Without integrating forestry with water management, the goals of climate change cannot be achieved
Water is the fundamental requirement for sustaining life, agriculture and the overall economy. With an exponential rise in the world population and diversified use of water, coupled with deforestation and increasing climactic vagaries, fresh water sources are under tremendous pressure globally. During the last 100 years, there has been a six to seven-fold increase in the demand for fresh water.
However, at the macro level, though the availability of fresh water is constant, at the micro level, due to overexploitation and indiscriminate use, lopsided planning in human settlements, changes in the hydrological cycle and pollution, water resources are dwindling very fast. Though we have plenty of rainfall in India to recharge the aquifers, it is unevenly distributed and unsustainably used to meet the demand for agriculture and industry. According to the Central Ground Water Board, more than 70 per cent districts are water-stressed and many cities and towns are critical from the point of view of availability of safe drinking water. And on top of this, 70 per cent of the agriculture sector uses groundwater for irrigation. In a nutshell, “blue” as well as “green” water management has been suffering a lot.
Many experts have been raising red flags about the impending water crisis for the last many years but various Government bodies have made fragmentary attempts which did not bring much relief on the ground. One classic case of failure was the watershed scheme which succeeded in very small patches and that, too, with the help of people in villages, who were feeling the pinch of scarcity. One such example was in Hiware bazaar in the Ahmednagar district of Maharashtra where community-based water management tremendously boosted agriculture and milk production, drawing back the people who migrated to Mumbai after recurrent drought.

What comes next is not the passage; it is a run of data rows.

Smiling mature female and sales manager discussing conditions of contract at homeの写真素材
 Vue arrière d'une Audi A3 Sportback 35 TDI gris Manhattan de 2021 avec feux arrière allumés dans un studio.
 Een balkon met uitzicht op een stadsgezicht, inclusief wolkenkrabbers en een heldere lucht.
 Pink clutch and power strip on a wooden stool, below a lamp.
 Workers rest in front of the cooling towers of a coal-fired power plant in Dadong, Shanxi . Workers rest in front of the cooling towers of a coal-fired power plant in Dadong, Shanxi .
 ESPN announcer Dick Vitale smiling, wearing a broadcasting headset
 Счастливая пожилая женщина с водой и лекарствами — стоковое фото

Now, the Centre has created the Jal Shakti Ministry to tackle the issue of water scarcity in the country in a focussed and planned manner. The Prime Minister announced the launching of the Jal Jeevan Mission with a projected expenditure of more than Rs 3.5 lakh crore. For the first time, the Jal Shakti Ministry is dealing with most matters relating to water in different Ministries in an integrated manner. The first priority of the Ministry was to ensure potable water to 15.70 crore households as out of 18.93 crore homes in the country, only 3.23 crore had tap water in 2019. It was started as a peoples’ programme and involved citizens in water resources management at every level, right from supply, to reuse, to recharge.
The guidelines issued under the Jal Jeevan Mission stressed on service delivery and involved the people at every step of its execution. The Gram Panchayats, Self Help Groups (SHGs), NGOs and Village Water and Sanitation Committees were involved in planning, implementing, managing, operating and maintaining their own water supply systems.
This bottom-up approach has started paying dividends and 84.84 lakh households were given tap water connections. The programme is picking up fast as now one lakh families are being covered daily. The Ministry, during 2019-2020, provided safe drinking water to 71 lakh people in arsenic-contaminated areas and 5.35 lakh people in fluoride-contaminated areas. One of the innovative technologies to monitor water supply and use was the use of “sensor-based Internet of Things solution” in which a smart water meter tracks the quality, regularity of water supply, quantity and quality of water. It also tracks flow across distribution channels and thus helps in checking leakage and minimising water wastage.
According to Water Minister Gajendra Singh Shekhawat, in the post-lockdown period, 32 lakh households were provided with piped water by July 28 under the Jal Jeevan Mission, which also helped in creating employment for over 42,000 people in six States. Under the Jal Shakti Abhiyan, the Ministry has started a massive water conservation movement with the help of communities in 1,592 water- stressed blocks in 256 districts. It focussed on water conservation through rain water harvesting, renovation of traditional water bodies, renovating and maintaining bore wells and watershed management and afforestation activities.
The experts on groundwater are working in most of the water-stressed districts of the country. One of the most outstanding achievements of the Modi Government was the Swachh Bharat Mission (SBM). More than six lakh villages were declared open defecation free and 60 crore people were helped, with more than 10 crore toilets constructed.
In phase two, the objective is to consolidate and perpetuate the gains of the SBM, including waste management. Under the PM’s Krishi Sinchai Scheme, more than 21.7 lakh hectares were irrigated during the last three years.
Apart from this, innovations and international cooperation on water management need to be pursued vigorously. However, a major shift is necessary to revamp forest management with water management in order to ensure water in our aquifers, dams and rivers. Without integrating forestry with water management, the goals of climate change cannot be achieved. The additional benefit will be in the form of regeneration of minor forest produce primarily animal foods and medicinal plants. There is no better time to focus on changing the objectives in COVID-19 times. Will the Environment Minister, Prakash Javadekar, take the initiative in this direction? One hopes so.